> [Task directions]: Produce a faithful copy of every record below, without the pictures.

───

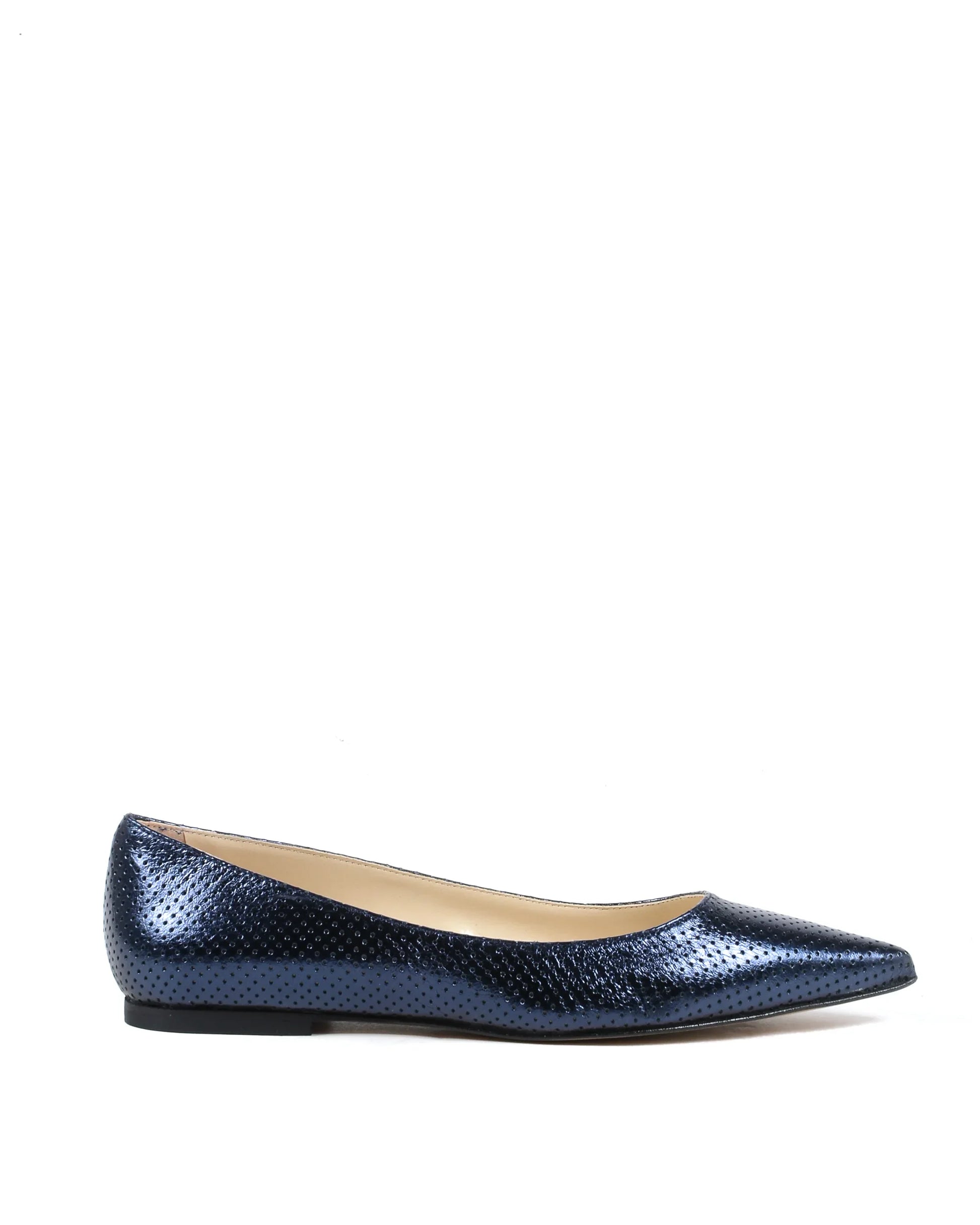 19V69 Italia Womens Ballerina LamÃ¨ Navy Blue 4747 TRAF LAM BLU SCURO - Which Mark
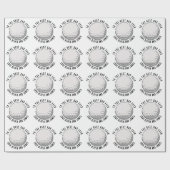 Beste papa ooit golfbalpatroon Kinder namen Cadeaupapier (Vlak)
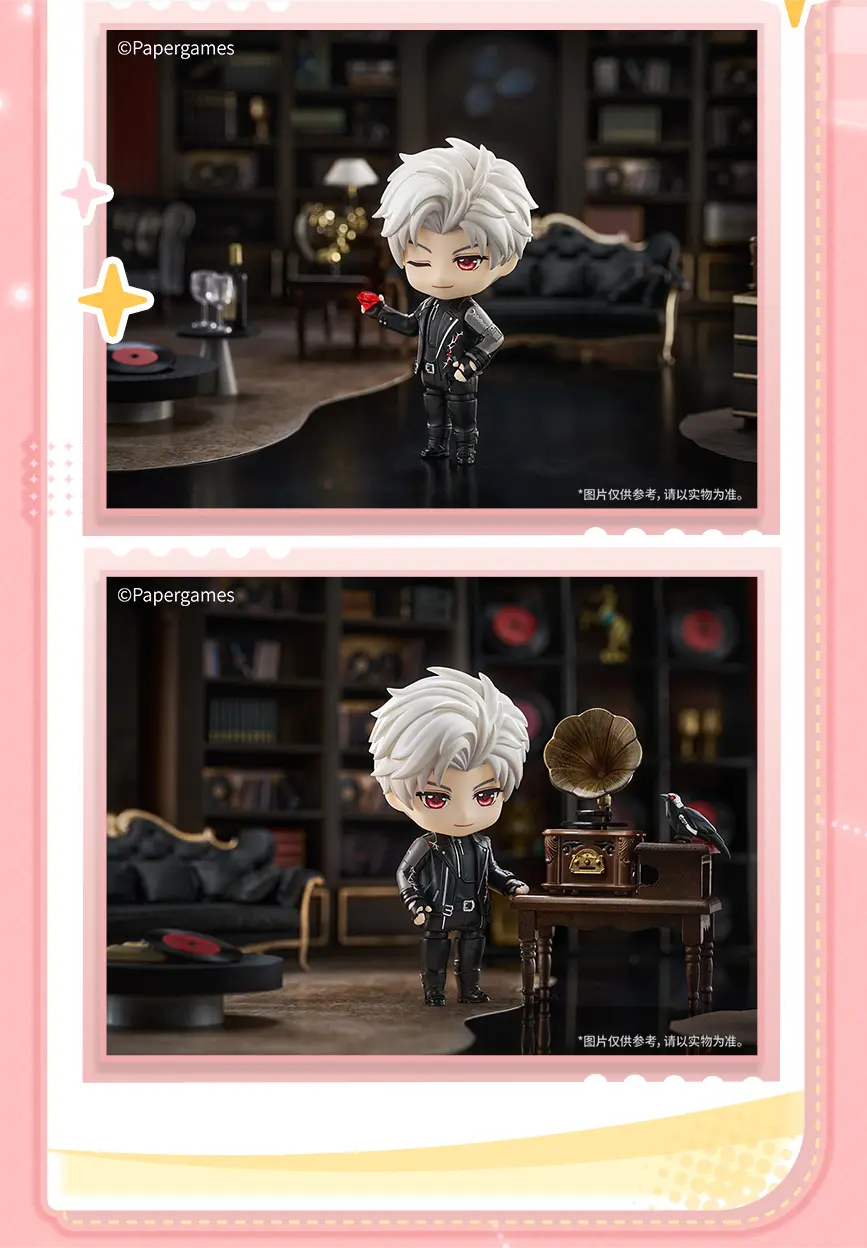 Sylus Clay Figure - Q Version Love And Deepspace Sylus Clay Figure Q Version Content 6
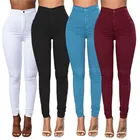 Джинсы 2021, эластичные узкие брюки-карандаш с высокой талией, женская одежда, брюки, сексуальные женские размера плюс, узкие джинсовые брюки, S-3XL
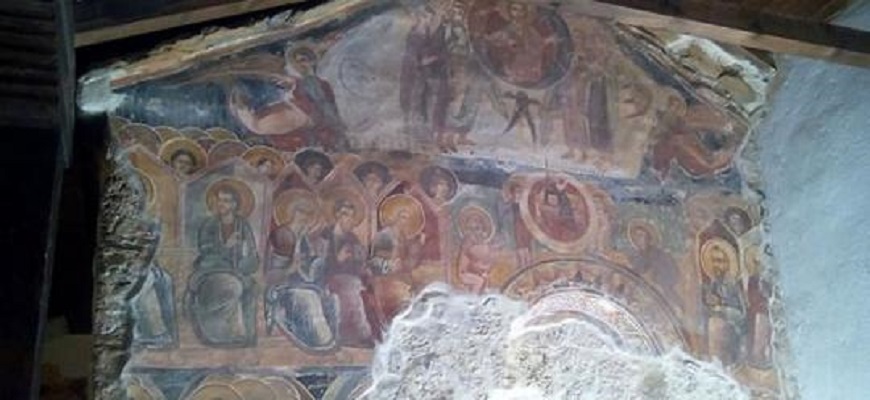 Почна конзервацијата на фрескоживописот во црквата „Св. Никола“ во Зрзе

───

> [Exercise response]:
 19V69 Italia Womens Ballerina LamÃ¨ Navy Blue 4747 TRAF LAM BLU SCURO - Which Mark
 Beste papa ooit golfbalpatroon Kinder namen Cadeaupapier (Vlak)
 Sylus Clay Figure - Q Version Love And Deepspace Sylus Clay Figure Q Version Content 6
 Джинсы 2021, эластичные узкие брюки-карандаш с высокой талией, женская одежда, брюки, сексуальные женские размера плюс, узкие джинсовые брюки, S-3XL
 Почна конзервацијата на фрескоживописот во црквата „Св. Никола“ во Зрзе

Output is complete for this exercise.